Wells Fargo Bank, N.A. v Hyun Jung Kim |
2020 NY Slip Op 08109 [189 AD3d 1673] |
December 30, 2020 |
Appellate Division, Second Department |
Published by New York State Law Reporting Bureau pursuant to Judiciary Law § 431. |
Wells Fargo Bank, National Association,
Respondent, v Hyun Jung Kim, Appellant, et al., Defendants. |
Solomon Zabrowsky, New York, NY, for appellant.
Greenberg Traurig, LLP, New York, NY (Adam P. Hartley and Patrick G. Broderick of counsel), for respondent.
In an action to foreclose a mortgage, the defendant Hyun Jung Kim appeals from a judgment of foreclosure and sale of the Supreme Court, Queens County (Allan B. Weiss, J.), entered January 17, 2019. The judgment of foreclosure and sale, upon an order of the same court entered August 14, 2018, granting the plaintiff's motion for a judgment of foreclosure and sale and denying the cross motion of the defendant Hyun Jung Kim, in effect, to vacate an order of reference of the same court entered May 16, 2017, upon her failure to appear or answer the complaint and for leave to serve a late answer, inter alia, directed the sale of the subject property.
Ordered that the judgment of foreclosure and sale is affirmed, with costs.
The plaintiff commenced this action to foreclose a mortgage against, among others, the defendant Hyun Jung Kim (hereinafter the defendant). On May 16, 2017, the Supreme Court entered an order of reference upon the defendant's failure to appear or answer the complaint. Subsequently, the plaintiff moved for a judgment of foreclosure and sale. The defendant cross-moved, in effect, to vacate the order of reference and for leave to serve a late answer.
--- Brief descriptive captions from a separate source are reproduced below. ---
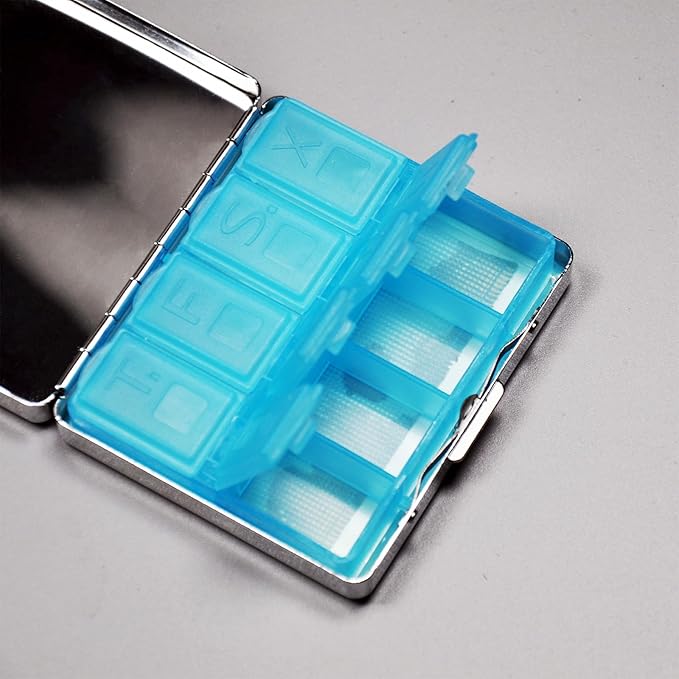 Silver Vintage Pill Box 7 Day Metal Pill Box with Mirror and 8 Compartments Cute Travel Pill Organizer for Purse (Vintage Poison Label)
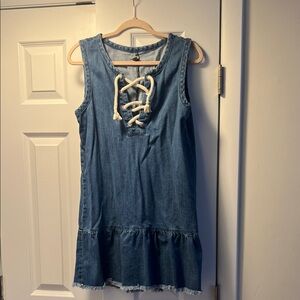 Aerie Blue Denim Dress with Lace-Up Front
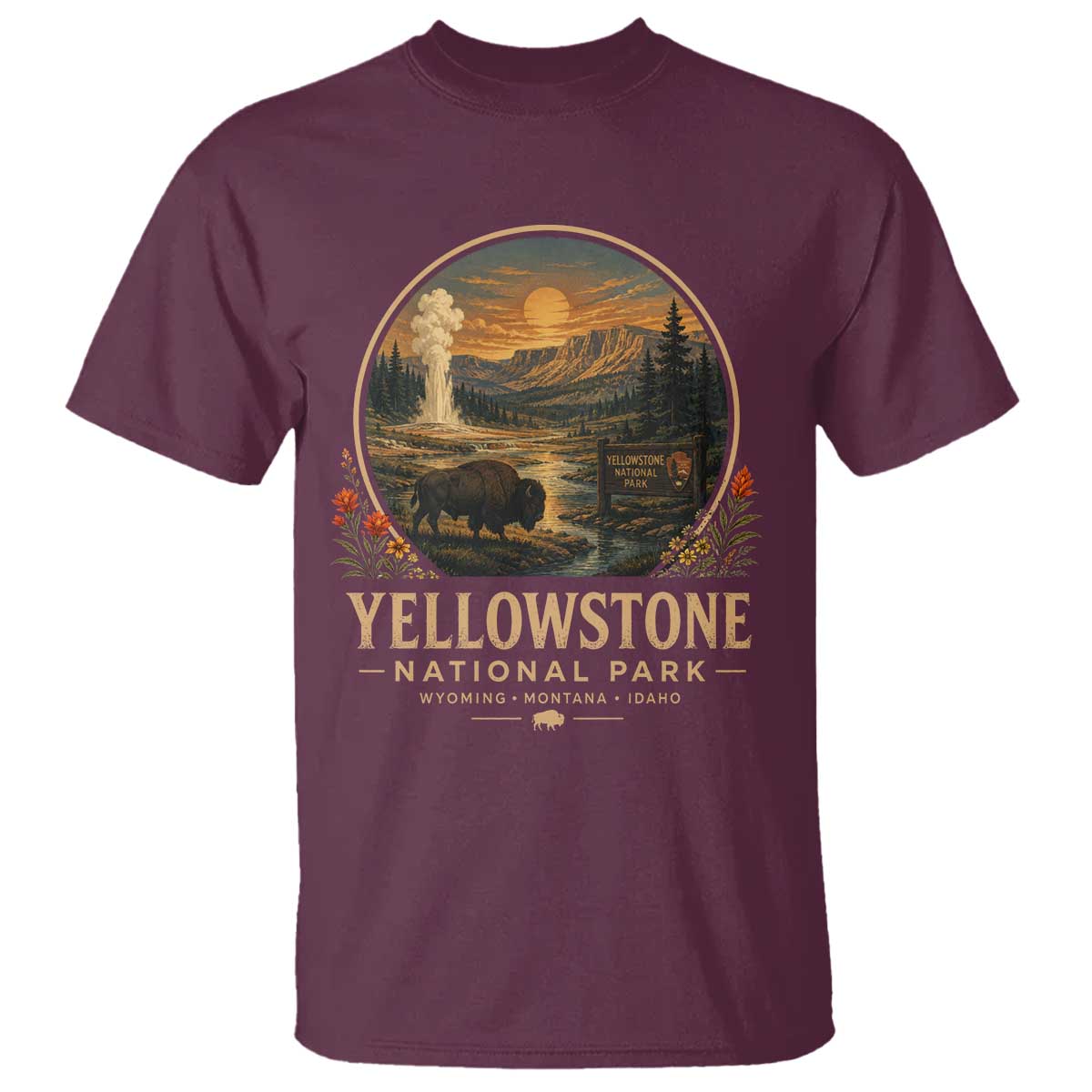Vintage Yellowstone National Park Vintage Bison Geyser T Shirt Wyoming Montana Idaho Hiking Camping TS10 Maroon Print Your Wear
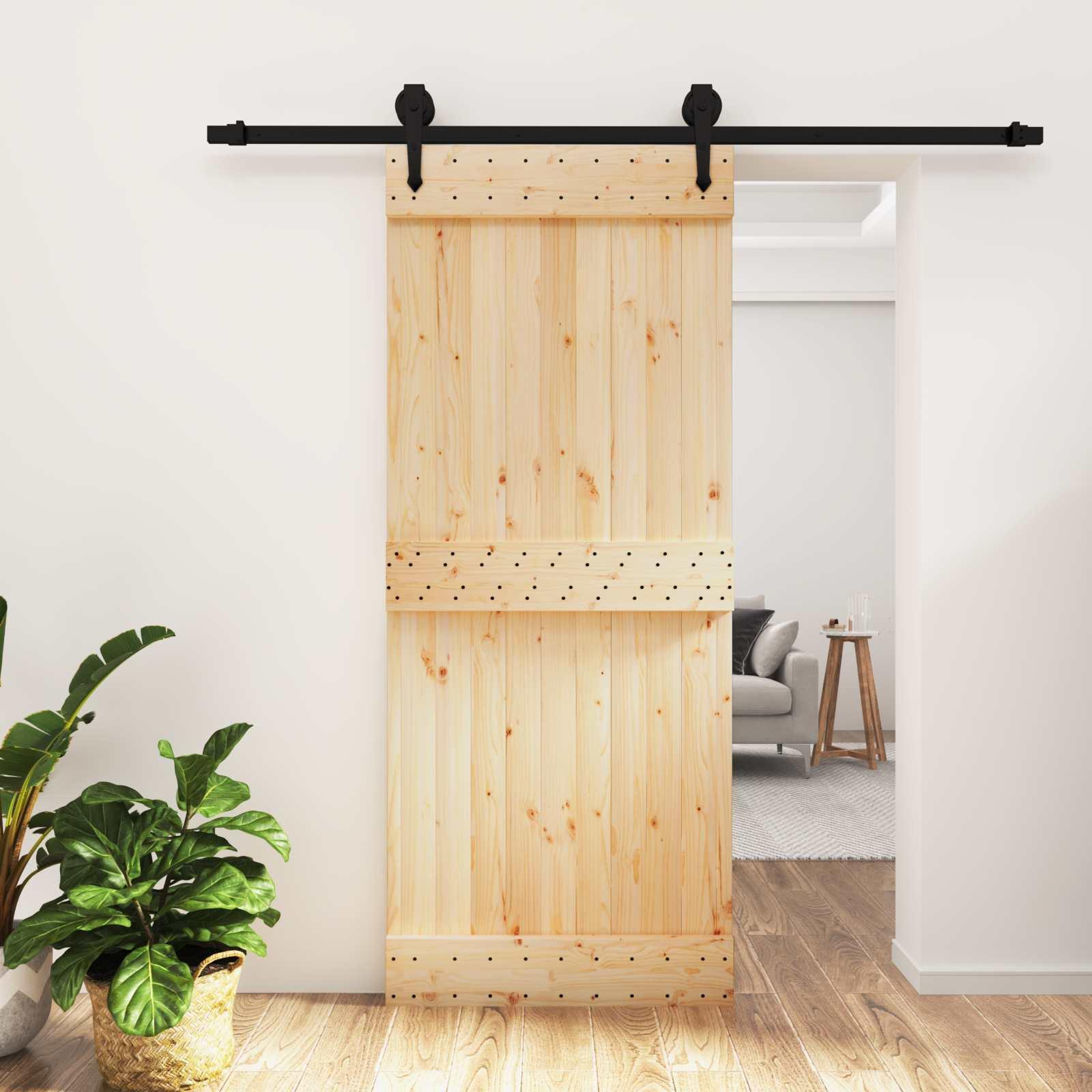 vidaXL Skydedør Naturfarvet og sort 85 x 210 cm Massivt Fyrretræ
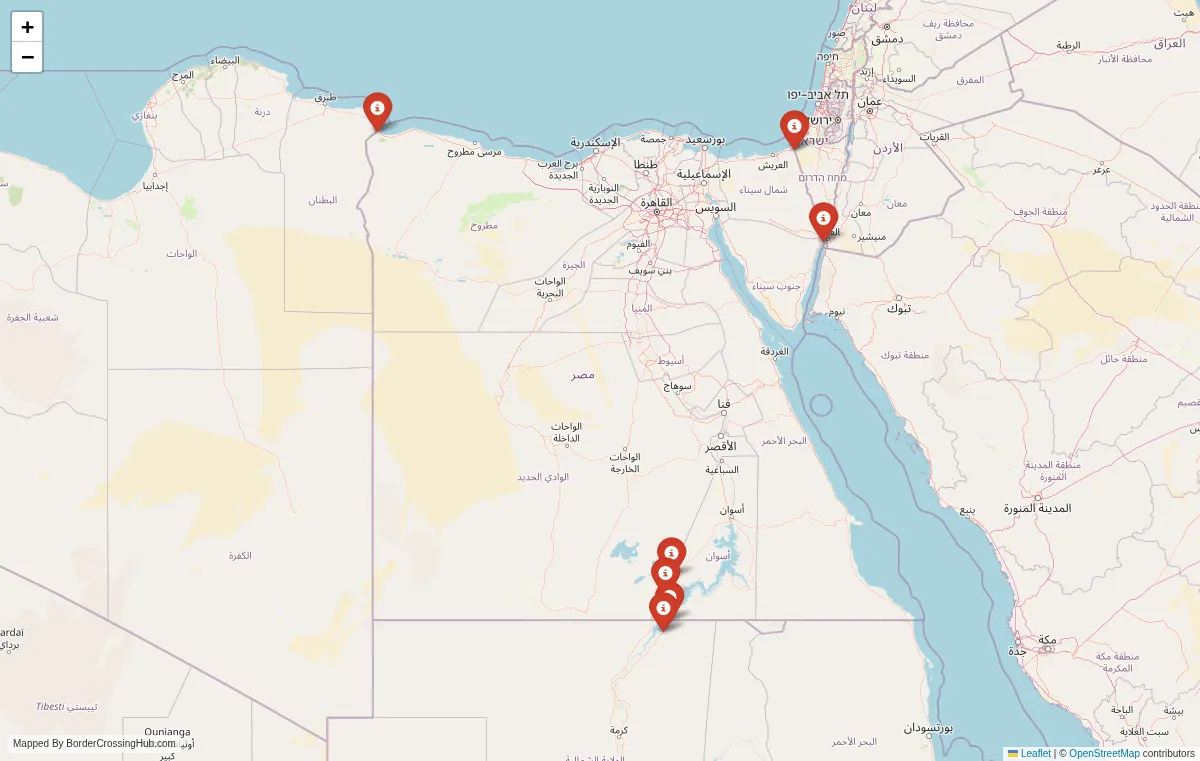 Visual guide to Egypt terrestrial border crossings and frontier checkpoints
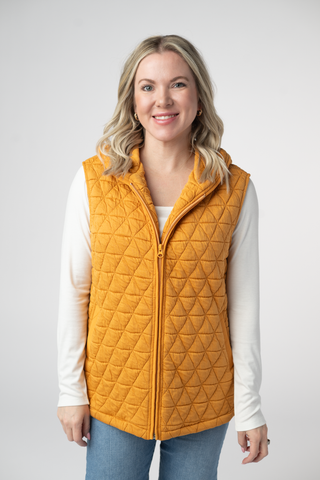 Mustard Geometric Hooded Vest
In support of the cross motion, the defendant submitted an affidavit in which she averred, inter alia, that she did not realize that she was supposed to submit an answer to the complaint. In an order entered August 14, 2018, the court granted the plaintiff's motion and denied the defendant's cross motion. A judgment of foreclosure and sale was entered on January 17, 2019. The defendant appeals.
A defendant seeking to vacate a default in appearing in the action or answering the complaint must show both a reasonable excuse for the default and a potentially meritorious defense (see CPLR 5015 [a] [1]; U.S. Bank N.A. v Crawford, 174 AD3d 762, 763 [2019]; US Bank N.A. v Dedomenico, 162 AD3d 962, 964 [2018]). Here, the defendant's proffered excuse that she was unaware of the need to answer the complaint was insufficient to demonstrate a reasonable excuse for the default (see U.S. Bank N.A. v Crawford, 174 AD3d at 763; Wells Fargo Bank, NA v Besemer, 131 AD3d 1047, 1049 [2015]; U.S. Bank N.A. v Slavinski, 78 AD3d 1167 [2010]). The conclusory assertion of the defendant's attorney that the defendant's default was based, in part, on the fact that the defendant was not completely fluent in English was improperly asserted for the first time in reply, not supported by any evidence in the record, and, ultimately, merely an extension of the argument that the defendant lacked understanding of the legal process, which was insufficient to demonstrate a [*2]reasonable excuse for the default (see U.S. Bank N.A. v Crawford, 174 AD3d at 763; see also Abdulayev v Yadgarov, 105 AD3d 877 [2013]; Holcomb v TWR Express, Inc., 11 AD3d 513, 514 [2004]). As the defendant failed to demonstrate a reasonable excuse for her default, it is unnecessary to determine whether she sufficiently demonstrated the existence of a potentially meritorious defense (see Elderco, Inc. v Kneski & Sons, Inc., 183 AD3d 703 [2020]; US Bank N.A. v Dedomenico, 162 AD3d at 964).
Although the Supreme Court retains the inherent discretionary power to relieve a party from a judgment for sufficient reason and in the interest of substantial justice, this power is not plenary and should only be exercised to grant relief where a judgment was taken through fraud, mistake, inadvertence, surprise, or excusable neglect (see Matter of McKenna v County of Nassau, Off. of County Attorney, 61 NY2d 739, 742 [1984]; Nationstar Mtge., LLC v Russo, 167 AD3d 913, 915 [2018]). Here, the defendant failed to provide any evidence that the orders entered in this action on her default were the result of fraud, mistake, inadvertence, surprise, or excusable neglect (see JPMorgan Chase Bank, N.A. v Dev, 176 AD3d 691, 693 [2019]). Mastro, J.P., Chambers, Brathwaite Nelson and Christopher, JJ., concur.